News for the cybersecurity community during the COVID-19 emergency: Tuesday, May 19th, 2020. Daily updates on how the pandemic is affecting the cybersecurity sector.
Contact tracing and privacy in France.
France is proceeding with its centralized approach to COVID-19 contact tracing, ZDNet reports. Authorities maintain that this is being done with due regard for preserving users' privacy. The government is particularly interested in the utility the system, StopCOVID, might have in containing a recurrence of the virus. Earlier this month Medium offered a summary of the app's development, including its goals and prospects.
COVID-19 virus scams and other pandemic curiosa on the Dark Web.

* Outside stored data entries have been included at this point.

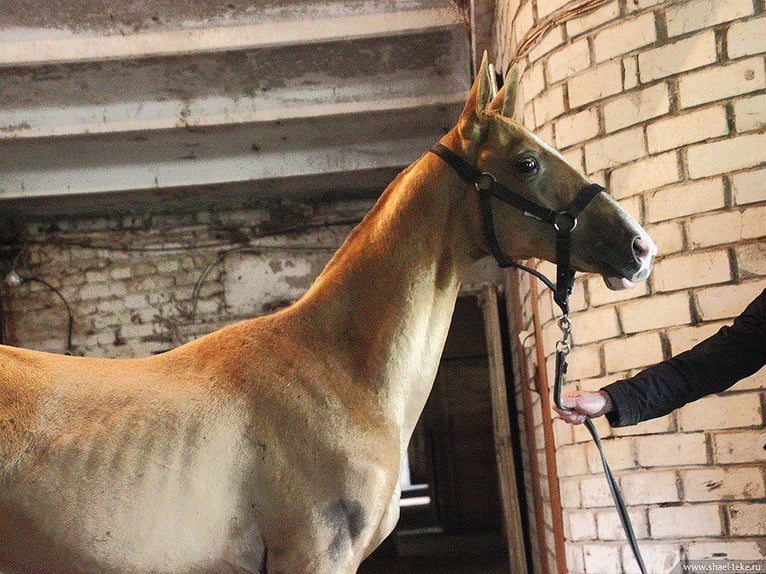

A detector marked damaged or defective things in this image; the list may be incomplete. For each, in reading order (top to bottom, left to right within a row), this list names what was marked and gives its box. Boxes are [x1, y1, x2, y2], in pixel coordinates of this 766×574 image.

peeling plaster wall [496, 1, 766, 574]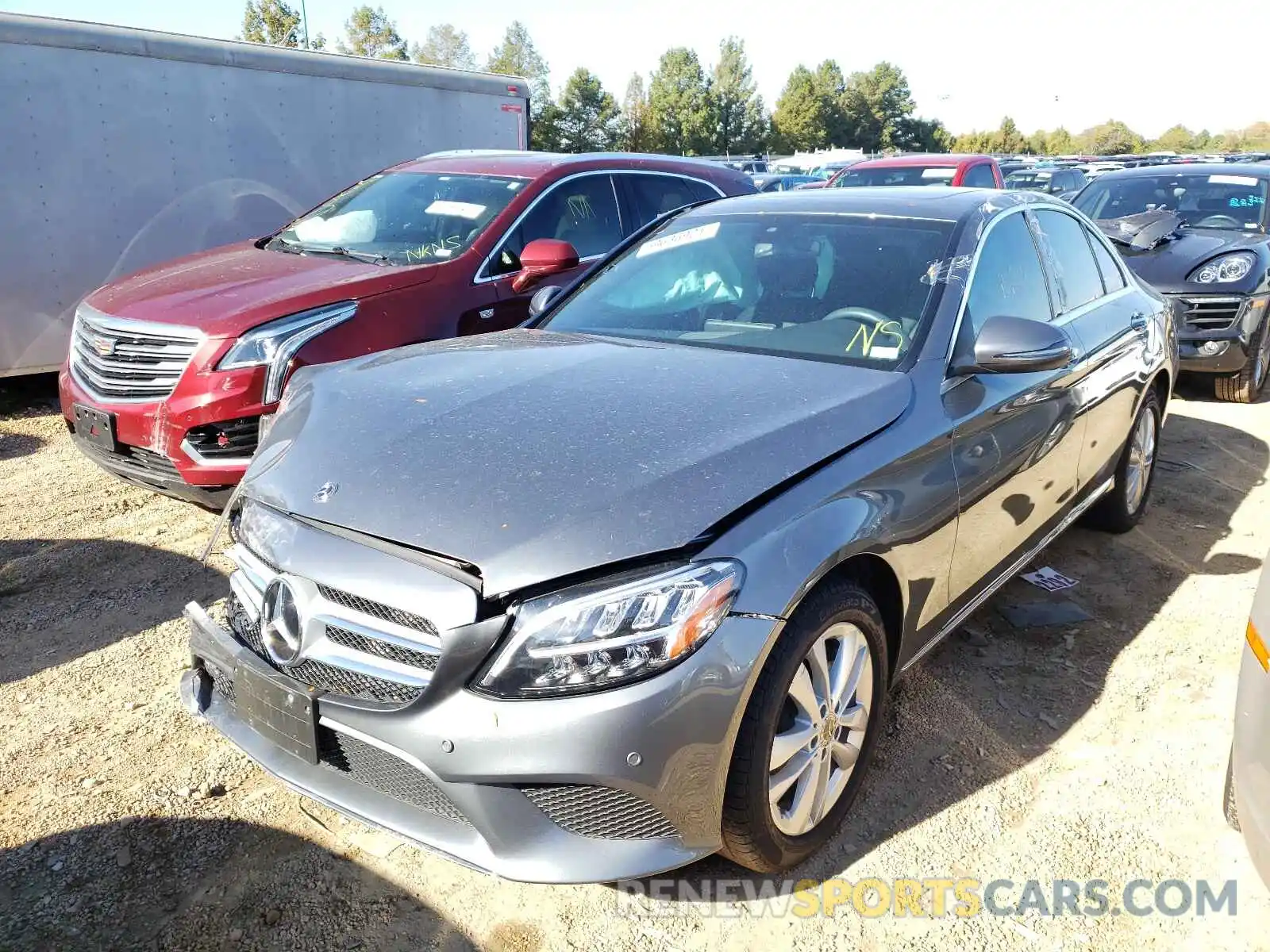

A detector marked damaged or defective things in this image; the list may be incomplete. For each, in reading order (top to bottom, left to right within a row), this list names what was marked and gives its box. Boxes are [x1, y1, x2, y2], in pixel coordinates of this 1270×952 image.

dented red suv body [60, 149, 752, 508]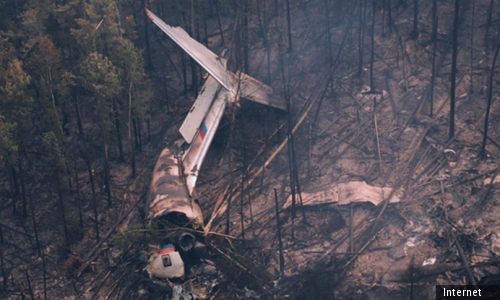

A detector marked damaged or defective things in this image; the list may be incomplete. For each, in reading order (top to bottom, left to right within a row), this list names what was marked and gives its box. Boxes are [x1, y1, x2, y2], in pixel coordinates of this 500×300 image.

broken wing section [143, 9, 232, 91]
torn metal panel [178, 76, 221, 144]
torn metal panel [183, 88, 229, 196]
broken wing section [183, 88, 231, 196]
torn metal panel [148, 145, 203, 227]
broken wing section [148, 144, 203, 229]
torn metal panel [284, 180, 400, 209]
torn metal panel [146, 245, 186, 280]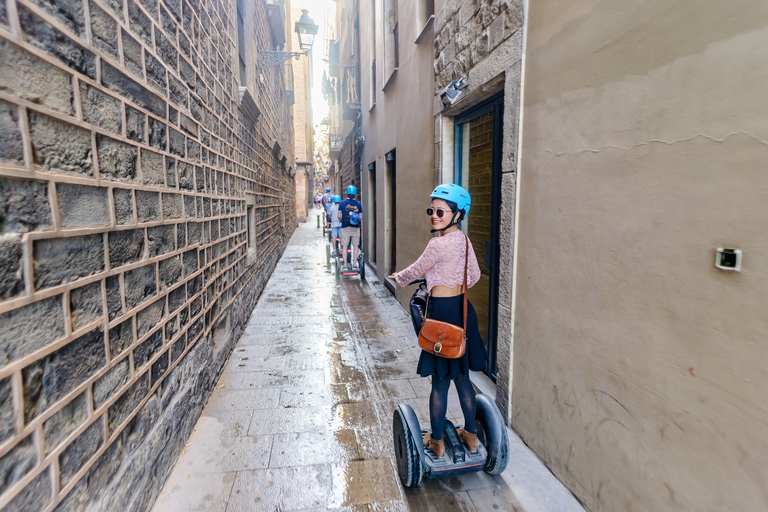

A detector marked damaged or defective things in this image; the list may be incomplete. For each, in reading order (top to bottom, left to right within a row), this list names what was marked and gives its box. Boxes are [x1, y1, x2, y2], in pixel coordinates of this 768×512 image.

cracked plaster wall [512, 1, 768, 512]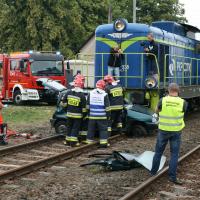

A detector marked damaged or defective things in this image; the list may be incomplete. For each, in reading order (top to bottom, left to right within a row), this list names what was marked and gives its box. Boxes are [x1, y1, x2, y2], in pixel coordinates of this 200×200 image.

Researchers at Trustwave's SpiderLabs describe the various pandemic-related scams they're finding on the Dark Web, and note some of the underworld reaction to them. They do note that the criminals follow the news (like everyone else), swap advice about staying healthy, express concerns about the consequences of the pandemic for their own enterprises, etc.—in short an inverted version of the kind of chatter one sees in legitimate channels.
But the more interesting material reveals the deliberations and plans that directly shape the criminal enterprises themselves. For example, there's chatter about demand for masks, and whether that presents an opportunity for various forms of illicit trade. Masks and other medical supplies are being offered for sale in online souks that normally hawk contraband. Those same markets also offer patently bogus nostrums, most prominently COVID-19 vaccines, which of course don't exist. Accompanying the offers are an array of bogus stories alluding to widespread cover-ups and misinformation by various authorities.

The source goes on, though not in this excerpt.